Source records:
—————

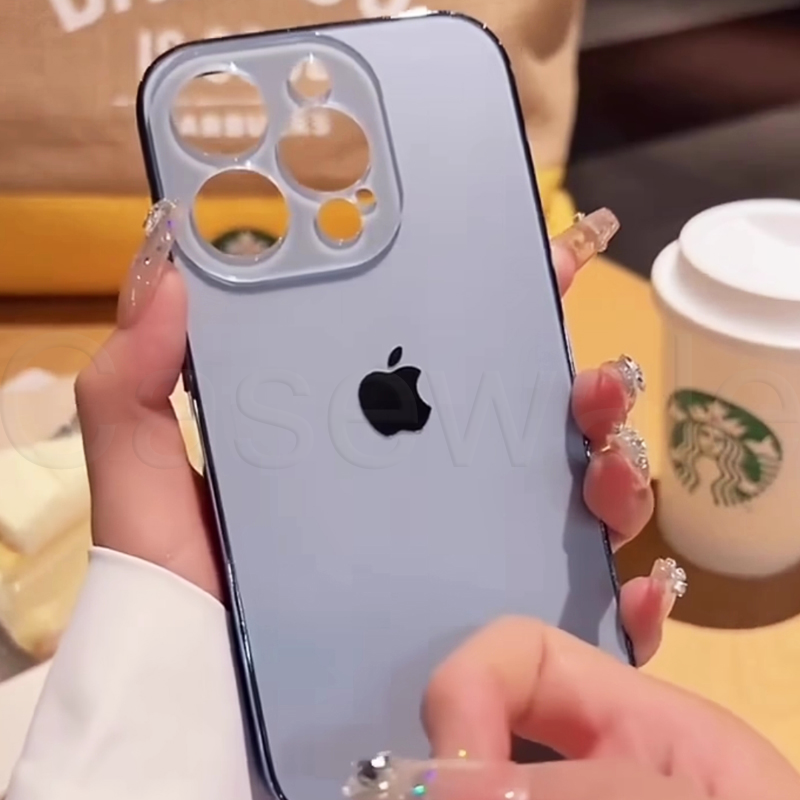iPhone 13 Series New Generation Camera Shell Glass Case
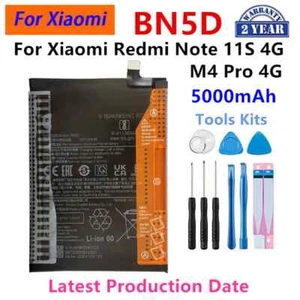 Batterie BN5D neuve pour Xiaomi Redmi Note 11S 11 S 4G / M4 PRO 4G + outils - Photo 1 sur 4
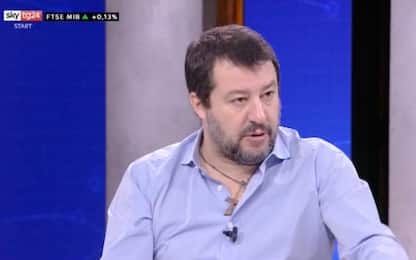 Ex Ilva, Salvini a Sky Tg24: "Clamoroso disastro potenziale"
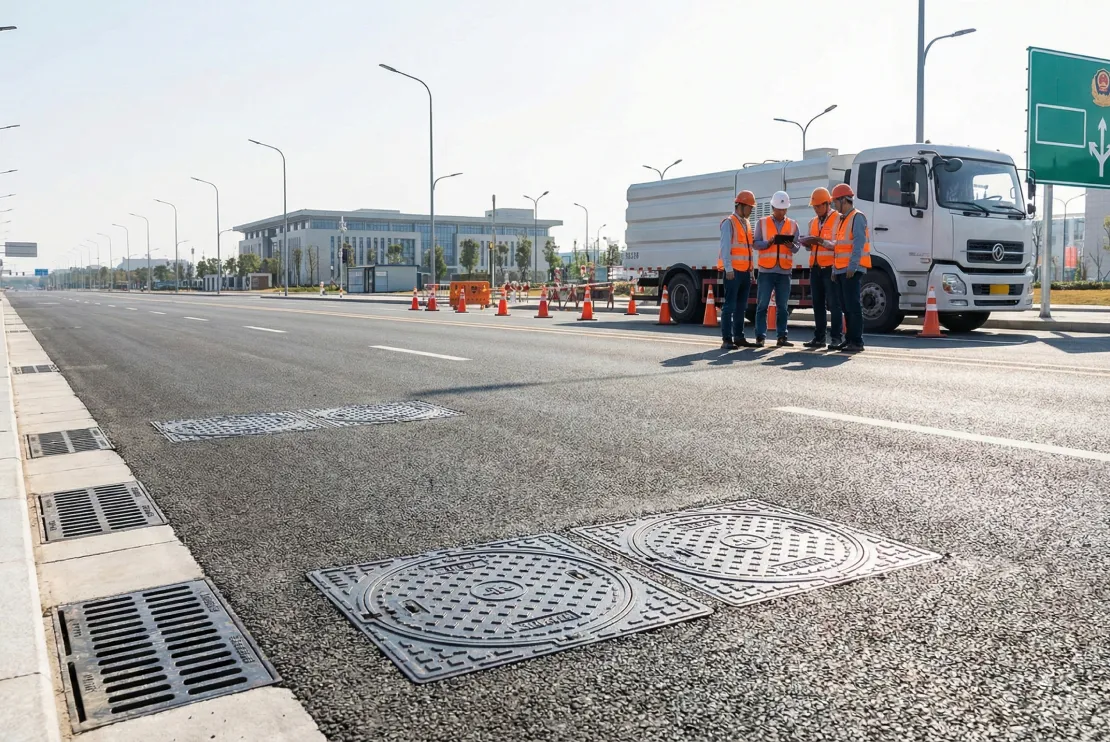 Why Ductile Iron Drainage Products Are the First Choice for Government Tenders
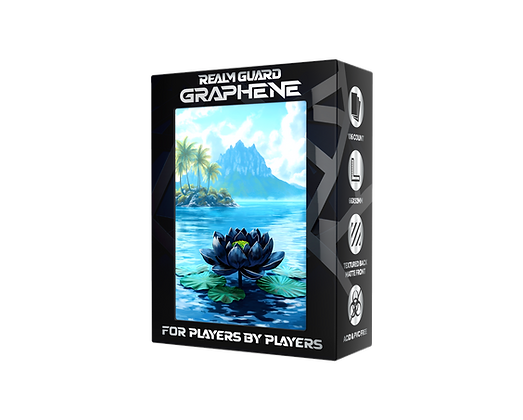 Realm Guard Graphene Island Black Lotus Supplies Realm Guard RG GRP Island Black Lotus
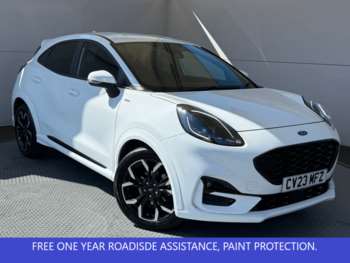 2023 - 1.0T EcoBoost MHEV ST-Line X SUV 5dr Petrol Hybrid Manual Euro 6 (s/s) (155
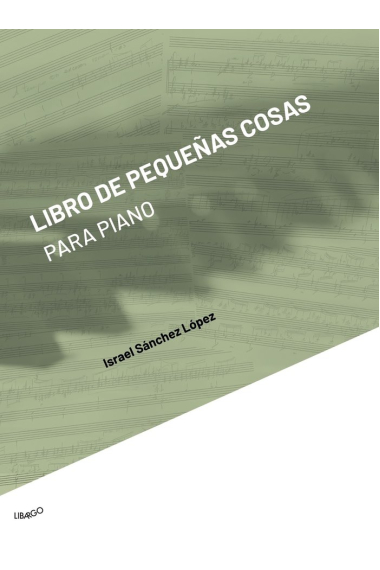 Libro de pequeñas cosas para piano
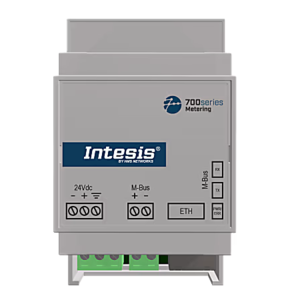 Intesis IN712MEB0500000 gateway M-Bus naar BACnet of Modbus  – 50 devices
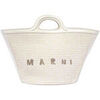 Sac &agrave; main Marni BRE00007026AE Blanc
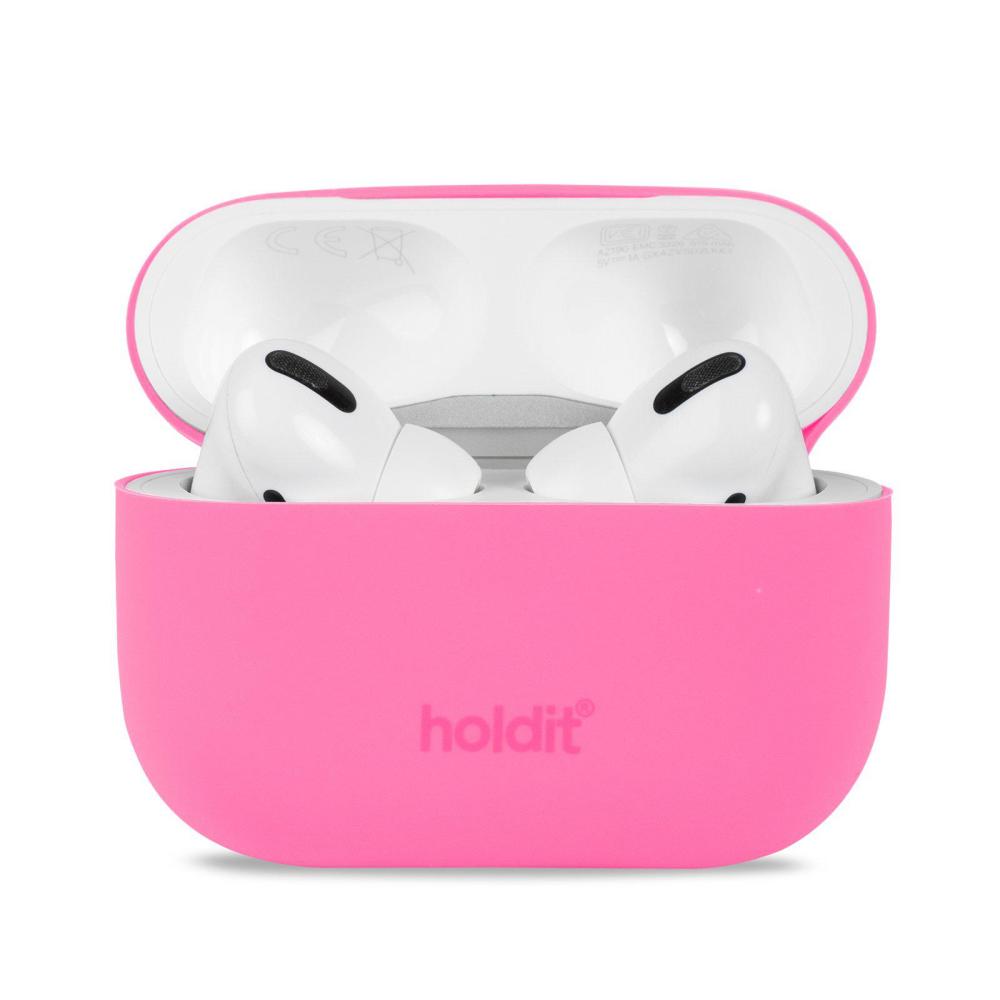 holdit holdit Silikonfodral AirPods Pro Nygård Bright Pink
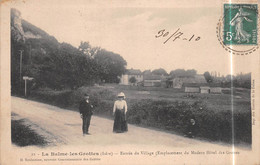 La BALME-les-GROTTES (Isère) - Entrée Du Village (Emplacement Du Modern Hôtel) - La Balme-les-Grottes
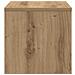 Armadio da Notte 2 pcs rovere artigianale 40 x 40 x 30 cm - Foto miniatura 7
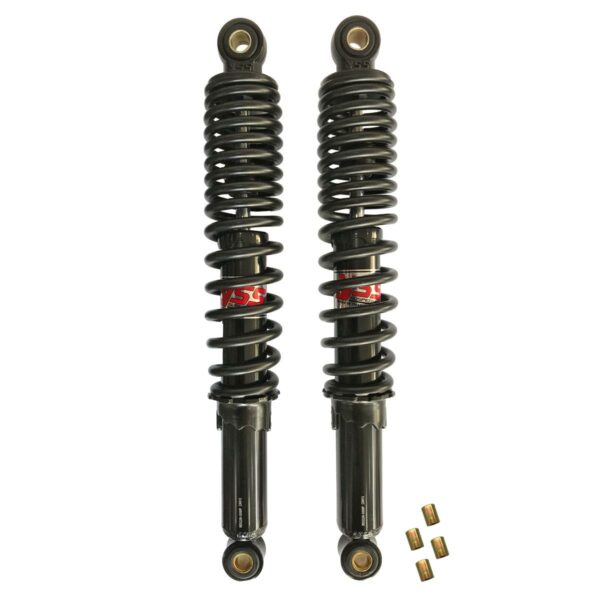 ΑΜΟΡΤΙΣΕΡ ΖΕΥΓΟΣ ΟΠΙΣΘΙΑ 35CM ΠΡΟΟΔΕΥΤΙΚΟ ΕΛΑΤΗΡΙΟ HONDA SUPRA YSS ΜΑΥΡΑ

—————

In the records above, find the line containing "Sac &agrave; main Marni BRE00007026AE Blanc" and restate it and every line after it word for word, all pictures excluded.

 Sac &agrave; main Marni BRE00007026AE Blanc
 holdit holdit Silikonfodral AirPods Pro Nygård Bright Pink
 La BALME-les-GROTTES (Isère) - Entrée Du Village (Emplacement Du Modern Hôtel) - La Balme-les-Grottes
 Armadio da Notte 2 pcs rovere artigianale 40 x 40 x 30 cm - Foto miniatura 7
 ΑΜΟΡΤΙΣΕΡ ΖΕΥΓΟΣ ΟΠΙΣΘΙΑ 35CM ΠΡΟΟΔΕΥΤΙΚΟ ΕΛΑΤΗΡΙΟ HONDA SUPRA YSS ΜΑΥΡΑ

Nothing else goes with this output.